Kindred Group has kicked off 2024 with solid financial results in the first quarter. Their total revenue edged up slightly to GBP 307.7 million from GBP 306.4 million in the previous year, reflecting stable growth, particularly in locally regulated markets which now represent an all-time high of 84% of gross winning revenue.

Kindred Group Exits North American Market Amidst Mixed Q3 2023 Results

Effective Cost Management and Strategic Pivot

The Group’s emphasis on cost reduction and efficient operational management is evidently paying dividends. The underlying EBITDA saw a notable 20% increase to GBP 59.3 million, up from GBP 49.4 million, signifying effective control over expenses and a robust increase in profits before tax which climbed to GBP 39.8 million from GBP 30.4 million.

In North America, Kindred faced a challenging regulatory environment which influenced their decision to consolidate their operations.

The focus has now shifted to harnessing opportunities in regulated European markets where they have better control and understanding of compliance requirements.

This pivot is expected to streamline operations and bolster growth in these regions. Notably, the company has seen positive traction in the Netherlands, the UK, and Romania, with a 5% growth in these markets.

Regulatory Challenges and Opportunities

The regulatory landscape remains challenging yet promising, as demonstrated by the varied performance across the Nordic region.
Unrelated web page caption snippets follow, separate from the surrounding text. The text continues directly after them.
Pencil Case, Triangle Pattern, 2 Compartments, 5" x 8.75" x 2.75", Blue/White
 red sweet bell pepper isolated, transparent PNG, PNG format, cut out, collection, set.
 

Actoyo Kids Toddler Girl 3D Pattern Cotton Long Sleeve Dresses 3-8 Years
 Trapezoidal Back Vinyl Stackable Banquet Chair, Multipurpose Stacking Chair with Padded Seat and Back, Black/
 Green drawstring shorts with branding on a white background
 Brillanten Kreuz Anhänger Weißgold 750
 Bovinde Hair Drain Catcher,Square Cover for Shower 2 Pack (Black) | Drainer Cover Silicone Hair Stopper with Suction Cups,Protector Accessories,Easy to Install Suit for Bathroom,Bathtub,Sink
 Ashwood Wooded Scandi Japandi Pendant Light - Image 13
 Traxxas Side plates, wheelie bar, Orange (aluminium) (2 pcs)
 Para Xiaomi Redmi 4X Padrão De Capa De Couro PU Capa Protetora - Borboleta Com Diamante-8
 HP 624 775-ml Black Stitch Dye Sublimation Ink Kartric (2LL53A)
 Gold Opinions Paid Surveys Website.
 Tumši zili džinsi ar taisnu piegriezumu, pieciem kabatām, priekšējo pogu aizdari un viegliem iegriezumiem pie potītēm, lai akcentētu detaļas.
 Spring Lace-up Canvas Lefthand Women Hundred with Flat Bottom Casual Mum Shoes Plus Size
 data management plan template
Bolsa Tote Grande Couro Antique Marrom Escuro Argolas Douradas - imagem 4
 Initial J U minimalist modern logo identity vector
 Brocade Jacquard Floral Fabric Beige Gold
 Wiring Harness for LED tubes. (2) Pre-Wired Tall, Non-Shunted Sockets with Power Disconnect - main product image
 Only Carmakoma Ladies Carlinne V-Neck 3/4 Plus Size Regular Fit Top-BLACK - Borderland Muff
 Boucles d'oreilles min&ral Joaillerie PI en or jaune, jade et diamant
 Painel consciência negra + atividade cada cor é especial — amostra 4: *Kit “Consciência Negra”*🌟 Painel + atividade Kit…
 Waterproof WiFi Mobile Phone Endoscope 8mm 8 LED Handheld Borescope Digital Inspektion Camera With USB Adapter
In Sweden, despite a decrease in gross winnings, there was a noticeable increase in active customers. Kindred’s new casino brand, Otto Casino, launched in mid-April, is part of broader initiatives aimed at overcoming market challenges and enhancing competitive positioning.

Additionally, the B2B segment under Relax Gaming has shown impressive performance, contributing to the company’s revenue stream and showcasing the potential for further scalable growth.

CEO’s Message

Nils Andén, CEO of the company said “We have had a solid start to 2024 with the underlying business operations performing well and operational initiatives moving forward according to plan. The headcount reduction plans announced at the end of last year are progressing as intended and the North America exit is set to conclude towards the end of the second quarter this year.”

“Our growth plan that we launched during the fourth quarter last year, focusing on Europe and Australia, continues at pace with dedicated strategic growth projects across locally regulated markets,” Andén added.